The EU’s main social policy tool is the open method of coordination (OMC), a form of soft policy coordination that it is not legally binding. OMC implies that the member states agree upon common objectives and measure their progress towards these objectives. Such frequent policy evaluations not only help the member states to learn from each other’s practices, they also function as a form of peer pressure. When introduced, OMC was presented as a middle way, allowing the EU to adopt a stronger role in coordinating member states’ social policies while ensuring that member states formally retained their authority (Büchs 2008).
OMC has come to serve as a basis for the Lisbon Strategy and Europe 2020, the EU’s past and current growth plans which touch upon a wide range of social issues. However, OMC has been criticized for a lack of inclusiveness and efficiency. One main problem is the limited involvement of national parliaments. Scholars highlight that most national parliaments have remained uninterested and marginalized in national OMC processes and have consequently failed to make an impact (Büchs 2008; Duina & Raunio 2007; Michalski 2013). National governments have instead come to function as gatekeepers of OMC, not providing enough room for other national actors. Another problem is that OMC has not been sufficiently efficient.
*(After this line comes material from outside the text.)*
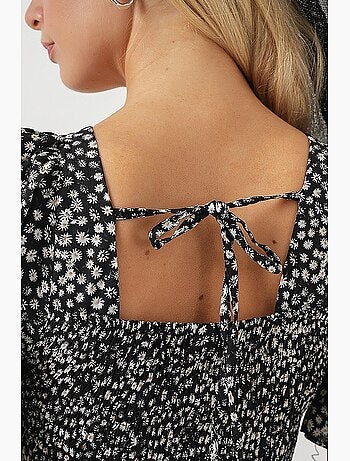 Vestido floral de manga corta bdart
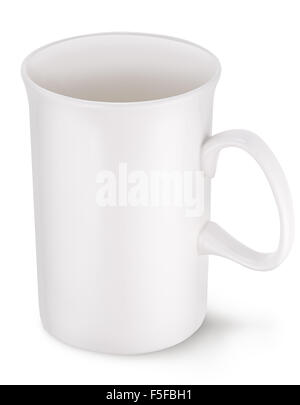 Leere weiße Tasse. Datei enthält Beschneidungspfade. Stockfoto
The ambitious objectives identified in the Lisbon Strategy were not achieved (which according to many was a function of too ambitious objectives). Even though OMC has contributed to changed perceptions, there is little evidence of any policy convergence (Büchs 2008).
It is possible, however, that the EU’s new governance structure (mainly the European Semester) has provided a sought-after framework for how to involve relevant stakeholders and increase the efficiency of OMC. Nevertheless, evaluations of Europe 2020 and the European Semester made by the EU itself indicate this has not been the case (European Commission 2014; 2015a; 2015b; 2015c). According to the Commission, both Europe 2020 and the European Semester have suffered from a lack of political ownership and compliance. Thus, there are still reasons to be concerned about the inclusiveness and efficiency of OMC. If OMC is to remain the EU’s main social policy tool, these inherent flaws need to be fixed.
Since 2011 the core of the EU’s economic and social governance structure is the European Semester. The Semester intends to improve coordination within the EU and has given the union increased possibilities to scrutinize and guide economic, fiscal and social policies (Costamagna 2012). Every year the Commission presents country-specific recommendations (CSRs) on economic and social matters to all member states, based on analyses of EU-wide and country-specific developments. The CSRs target the overarching goals in Europe 2020 and are supposed to form the basis for each member state’s draft budgetary plan (DPB).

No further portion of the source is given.